Language in Mallorca

The two official languages of Mallorca are Spanish and Mallorquín and almost all Mallorcans speak both, bilingually. Mallorquín was banned under Franco’s régime and not taught at school during that time, which is part of the reason that the islanders all speak Spanish (or castellano as they call it). However, Mallorquín has been very much revived and when you hear Mallorcans talking amongst themselves it’s most likely to be in their local language.

For the British visitor to Mallorca, the best language to speak with the locals is Spanish. The Mallorquín language (see below) is difficult to learn and is useful only in Mallorca. If you are interested in travelling also in other parts of Spain, you are better off investing your time and energy in learning Spanish.

Spanish in Mallorca

Particularly in the touristy areas, most Mallorcans can speak pretty good English. However, in my experience, if you speak Spanish in Mallorca, you will make a better impression and be taken a bit more seriously. Who wants to be just another British tourist? Being able to speak some Spanish will mark you out from the crowd and sometimes get you better service. Anyway, I believe it’s rude to go to someone else’s country and expect everybody to speak English. If you can even just use a few words of Spanish, it shows you’ve made an effort and people will respond well.

When I first went to Mallorca, in 2004, I found that when I addressed someone in Spanish they very often answered me in English. This happens to me a lot, in various countries, and I hate it. The interesting thing is that when I was there again towards the end of 2007, not one single person did this in the whole ten days I was there. My feeling is that Mallorcans have got fed up with having to speak English all the time and are thankful when someone talks to them in a language that is native to them.

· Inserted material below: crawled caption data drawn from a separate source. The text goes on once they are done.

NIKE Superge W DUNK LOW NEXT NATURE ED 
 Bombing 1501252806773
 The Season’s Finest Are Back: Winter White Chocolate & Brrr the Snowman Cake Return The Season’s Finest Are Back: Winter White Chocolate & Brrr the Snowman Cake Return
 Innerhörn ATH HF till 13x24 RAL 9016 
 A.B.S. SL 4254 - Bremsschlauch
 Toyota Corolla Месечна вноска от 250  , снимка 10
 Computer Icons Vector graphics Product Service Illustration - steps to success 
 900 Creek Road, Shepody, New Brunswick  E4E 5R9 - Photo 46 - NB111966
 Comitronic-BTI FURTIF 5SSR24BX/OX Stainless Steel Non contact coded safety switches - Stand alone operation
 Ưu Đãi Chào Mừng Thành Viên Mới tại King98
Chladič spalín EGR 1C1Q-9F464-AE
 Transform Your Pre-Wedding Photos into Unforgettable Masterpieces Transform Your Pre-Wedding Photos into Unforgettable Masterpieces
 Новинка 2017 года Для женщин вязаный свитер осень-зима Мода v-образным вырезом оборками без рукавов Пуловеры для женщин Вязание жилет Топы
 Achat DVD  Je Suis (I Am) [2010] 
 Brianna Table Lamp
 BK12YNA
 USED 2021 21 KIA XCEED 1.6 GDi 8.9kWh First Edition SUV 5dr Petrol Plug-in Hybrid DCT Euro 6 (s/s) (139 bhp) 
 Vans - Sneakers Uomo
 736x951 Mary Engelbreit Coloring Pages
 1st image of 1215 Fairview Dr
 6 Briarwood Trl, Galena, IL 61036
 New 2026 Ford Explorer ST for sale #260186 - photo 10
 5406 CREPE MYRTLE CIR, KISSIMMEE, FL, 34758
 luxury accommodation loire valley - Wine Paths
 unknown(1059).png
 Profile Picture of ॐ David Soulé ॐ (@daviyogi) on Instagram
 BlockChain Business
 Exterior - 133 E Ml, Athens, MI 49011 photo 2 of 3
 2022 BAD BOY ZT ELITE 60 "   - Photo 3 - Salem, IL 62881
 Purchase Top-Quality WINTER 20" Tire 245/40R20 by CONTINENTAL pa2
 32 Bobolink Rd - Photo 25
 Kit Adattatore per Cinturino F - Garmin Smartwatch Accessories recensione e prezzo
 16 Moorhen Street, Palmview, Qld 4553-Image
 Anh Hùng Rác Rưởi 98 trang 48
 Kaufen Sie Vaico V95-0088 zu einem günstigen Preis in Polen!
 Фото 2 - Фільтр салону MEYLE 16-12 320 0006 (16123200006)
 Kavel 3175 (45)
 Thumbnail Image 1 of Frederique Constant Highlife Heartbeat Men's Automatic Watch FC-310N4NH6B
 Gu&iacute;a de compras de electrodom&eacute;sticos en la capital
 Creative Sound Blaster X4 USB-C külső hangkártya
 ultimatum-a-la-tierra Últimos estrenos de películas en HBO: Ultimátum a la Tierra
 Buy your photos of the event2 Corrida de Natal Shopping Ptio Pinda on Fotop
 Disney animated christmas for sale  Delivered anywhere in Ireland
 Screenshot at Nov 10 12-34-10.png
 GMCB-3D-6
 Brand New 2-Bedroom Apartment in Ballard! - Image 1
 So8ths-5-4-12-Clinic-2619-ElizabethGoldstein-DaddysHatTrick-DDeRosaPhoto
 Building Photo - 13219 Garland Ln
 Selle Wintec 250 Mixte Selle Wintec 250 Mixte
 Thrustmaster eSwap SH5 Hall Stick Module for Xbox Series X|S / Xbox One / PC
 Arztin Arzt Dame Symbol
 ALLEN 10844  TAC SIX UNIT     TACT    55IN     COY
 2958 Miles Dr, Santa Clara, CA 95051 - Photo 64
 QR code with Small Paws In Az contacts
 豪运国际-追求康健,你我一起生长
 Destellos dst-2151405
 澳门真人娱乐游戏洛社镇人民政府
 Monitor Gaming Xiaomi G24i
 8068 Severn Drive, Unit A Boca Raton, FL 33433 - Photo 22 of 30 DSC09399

Spanish is one of the easiest languages for English-speaking people to learn. I’ve been studying it for about five years now, first at a language school and later online and by myself, and I speak it pretty well now. It has hugely enhanced my experience of visiting Mallorca and mainland Spain and, if you want to get to know the real Mallorca, I certainly recommend that you learn a bit of Spanish.

Mallorquín language

Mallorquín is a variant of Catalan, as spoken in Catalonia, the north-east region of mainland Spain. Many people say that Mallorquín is a dialect of Catalan, though the Mallorcans consider it a separate language. Either way, it’s a different language from Spanish, having developed directly from Latin rather than as a dialect of Spanish.

If you can speak some Spanish, this will certainly be enough to get under the skin of Mallorca. You don’t need to speak Mallorquín. However, since most of the signposts, road signs and so on are written in Mallorquín, it’s useful to recognise some of the words. If you know Spanish, French and/or Italian, you will be able to work out quite a lot of the meaning of written Mallorquín (the spoken language is even more of a challenge!).

Here are some useful Mallorquín words and phrases:

puig mountain peak
camin footpath
carrer street
platja beach
llac lake
pont bridge
pobla village
mirador viewing point, place to see a view
   
perill danger
deixau passar give way
no fumeu no smoking
   
obert open
tancat closed
rebaixes sale(s)
descomptes discounts
mercat market
   
dilluns Monday
dimarts Tuesday
dimecres Wednesday
dijous Thursday
divendres Friday
dissabte Saturday
diumenge Sunday
   
avui today
demà tomorrow
ahir yesterday
   
nord north
sud south
est east
oest west
   
entrada entrance
sortida exit
   
lavabo / toaleta toilet
   
The masculine article el (the) in Spanish is es in Mallorquín and the feminine article la is sa.